Saint Dominic
Priest, Founder of the Order of Preachers
(1170–1221)
Saint Dominic was born around 1170 at Caleruega in Castile, Spain, into a noble family. His mother, Blessed Jane of Aza, had prayed at the shrine of Saint Dominic of Silos for a son, and when she conceived she dreamed that a dog leapt from her womb carrying a torch in its mouth and set the world alight. Dominic was educated at Palencia, where he sold his books to feed the poor during a famine, declaring that he could not prize dead skins when living skins were perishing from want.

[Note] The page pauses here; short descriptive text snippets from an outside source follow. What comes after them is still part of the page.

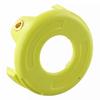 For Ryobi RLT3025F/RLT3025S/RLT3525S Lawn Mower RAC119 Line Spool + RAC118 Spool Cap + Spring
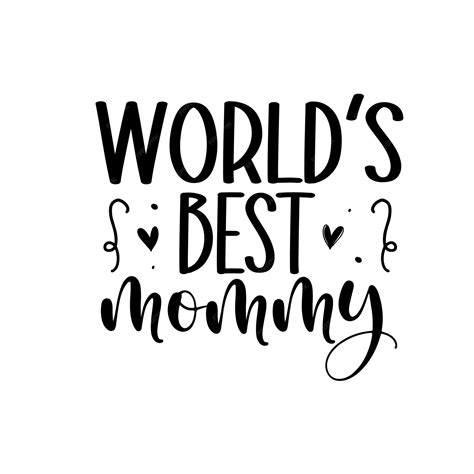 Premium Vector Mothers Day Svg Mom Life Svg Mothers Day Mother T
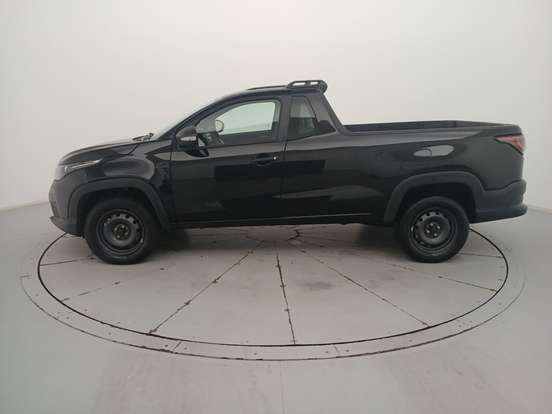 FIAT-STRADA-1.3 FIREFLY FLEX ENDURANCE CS MANUAL FIAT-STRADA-2025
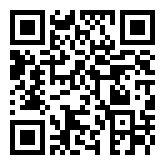 https://www.boguzj.com/article/28838.html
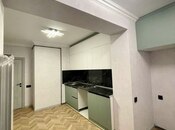 Продается 3-комн. вторичка 87 м², м. Мемар Аджеми, photo 6 from 8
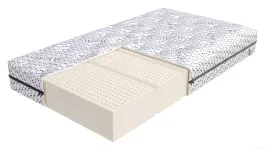 materac-lateksowy-fdm-valore-160x200-x-19cm-h2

He became a canon of the cathedral chapter at Osma under its reforming bishop Diego de Azevedo, and in 1203 he accompanied Diego on a diplomatic mission to Denmark. Passing through southern France they encountered the Albigensian heresy, which had taken root among the educated classes and was tearing the fabric of Christian society. The official preaching missions against this heresy had largely failed, and Dominic saw why: preachers who arrived on horseback with great retinues could not effectively preach apostolic poverty. He and Diego adopted a new method, going on foot, in poverty, meeting the heretics in open debate and winning souls by the power of truth combined with the witness of Gospel life.
From this apostolic experience grew the idea of a new order of preachers, men formed in theology and Scripture who would combine the ascetic rigour of the monastic life with the active apostolate of preaching. The Order of Preachers, the Dominicans, was formally approved by Pope Honorius III in 1216. Dominic governed his growing family with remarkable wisdom, holding the first general chapters, establishing studia in the great university cities, and sending his friars throughout Europe and beyond.
He was himself a man of intense prayer, spending entire nights before the Blessed Sacrament in nine characteristic modes of prayer that his friars observed and recorded. He is credited with propagating the Rosary as a weapon against heresy. He died at Bologna on August 6, 1221. He was canonised in 1234 by Gregory IX. His feast is celebrated on August 8th.